Para wali murid itu akhirnya membeberkan praktik pungli sudah berlangsung sekian lama di SMPN 4. Meski dibayangi rasa takut tekanan pihak sekolah, namun mereka memberanikan diri memprotesnya agar ijazah sang anak dapat diambil.
Salah satu wali murid berinisial T, menyebutkan adanya istilah uang donasi yang dibebankan kepada siswa yang masuk program Cerdas Istimewa dan Bakat Istimewa (CIBI). Di mana jumlahnya variatif, Rp1 juta, Rp5 juta, hingga Rp7 jutaan.
"Kita mau ngasih satu juta, kita takut anak kita enggak diterima. Saya waktu itu ngasih lima juta," kata dia didampingi wali murid lainnya, kepada wartawan di Pamulang, Tangsel, Kamis (3/10).
Menurutnya, setelah membayar uang donasi, rupanya masih banyak lagi pungutan-pungutan lain yang ditarik selama kegiatan belajar, misalnya saja uang kesejahteraan perbulan Rp300 ribu, uang perpustakaan Rp50 ribu perbulan, uang komputer Rp50 ribu perbulan, dan uang kas Rp5 ribu yang ditarik per minggu.
"Setelah masuk, ternyata banyak lagi pungutan-pungutan itu. Jadi dalihnya pakai nama komite sekolah, padahal kita nggak diajak pembahasannya, tiba-tiba ada kesepakatan seperti itu aja," jelasnya.

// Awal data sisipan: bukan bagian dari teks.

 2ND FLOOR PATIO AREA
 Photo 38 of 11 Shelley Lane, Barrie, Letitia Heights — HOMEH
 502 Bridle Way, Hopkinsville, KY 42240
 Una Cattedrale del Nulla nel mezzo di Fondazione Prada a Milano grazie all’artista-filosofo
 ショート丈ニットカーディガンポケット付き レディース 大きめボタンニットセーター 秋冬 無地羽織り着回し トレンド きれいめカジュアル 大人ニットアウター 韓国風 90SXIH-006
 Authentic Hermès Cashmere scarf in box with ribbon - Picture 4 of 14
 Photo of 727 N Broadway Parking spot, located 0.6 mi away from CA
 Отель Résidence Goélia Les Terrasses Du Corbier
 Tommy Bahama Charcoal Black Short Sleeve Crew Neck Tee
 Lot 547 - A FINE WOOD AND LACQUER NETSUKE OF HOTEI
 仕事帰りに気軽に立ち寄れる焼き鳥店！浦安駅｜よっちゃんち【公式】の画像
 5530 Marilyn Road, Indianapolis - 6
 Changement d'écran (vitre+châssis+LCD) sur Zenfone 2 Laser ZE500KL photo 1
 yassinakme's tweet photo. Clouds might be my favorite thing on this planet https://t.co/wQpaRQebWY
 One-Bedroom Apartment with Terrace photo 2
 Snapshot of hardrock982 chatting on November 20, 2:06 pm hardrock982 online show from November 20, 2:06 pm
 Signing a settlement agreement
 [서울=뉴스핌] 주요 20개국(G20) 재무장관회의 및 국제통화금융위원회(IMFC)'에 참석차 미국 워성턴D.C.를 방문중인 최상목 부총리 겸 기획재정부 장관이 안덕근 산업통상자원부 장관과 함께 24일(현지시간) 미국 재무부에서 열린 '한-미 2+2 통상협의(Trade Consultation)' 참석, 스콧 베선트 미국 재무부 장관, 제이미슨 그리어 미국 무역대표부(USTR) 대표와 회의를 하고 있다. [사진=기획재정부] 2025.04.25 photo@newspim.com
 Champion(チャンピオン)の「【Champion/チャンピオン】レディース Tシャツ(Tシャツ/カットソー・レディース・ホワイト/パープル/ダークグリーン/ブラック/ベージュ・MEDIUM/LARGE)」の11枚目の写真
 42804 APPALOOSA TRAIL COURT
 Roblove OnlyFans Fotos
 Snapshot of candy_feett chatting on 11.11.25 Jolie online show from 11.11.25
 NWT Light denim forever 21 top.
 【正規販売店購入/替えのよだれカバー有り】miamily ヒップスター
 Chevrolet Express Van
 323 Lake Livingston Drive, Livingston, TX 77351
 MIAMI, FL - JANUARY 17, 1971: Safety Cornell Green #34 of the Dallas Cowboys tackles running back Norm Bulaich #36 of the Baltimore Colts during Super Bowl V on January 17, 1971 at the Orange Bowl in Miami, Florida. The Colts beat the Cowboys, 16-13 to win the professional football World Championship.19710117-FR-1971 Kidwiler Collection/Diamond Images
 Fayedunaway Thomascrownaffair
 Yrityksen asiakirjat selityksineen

Mulanya para wali murid satu sama lain tak terlalu mempersoalkan pungli di lingkungan sekolah. Namun situasi berubah, manakala kelulusan mereka mendapati jika anak-anaknya diharuskan membayar lunas semua setoran Pungli tersebut.
"Jadi kan bayarnya bulanan, ada yang bolong-bolong juga bayarnya. Karena kan dicatat dalam kartu iuran, jadi yang bolong-bolong itu harus dilunasi saat mau ambil ijazah," sambungnya.
Menurut wali murid, mereka sempat menyatakan keberatan kepada pihak sekolah untuk membayar lunas seluruh uang donasi. Keberatan itu tertuang dalam surat pernyataan bersama yang diparaf pada April 2019 lalu. Meski begitu, mereka menggantinya dengan pemberian uang sukarela sebesar Rp500 ribu tiap siswa.
"Waktu itu diserahin Rp9 juta ke sekolah, dari sejumlah wali murid," ujarnya.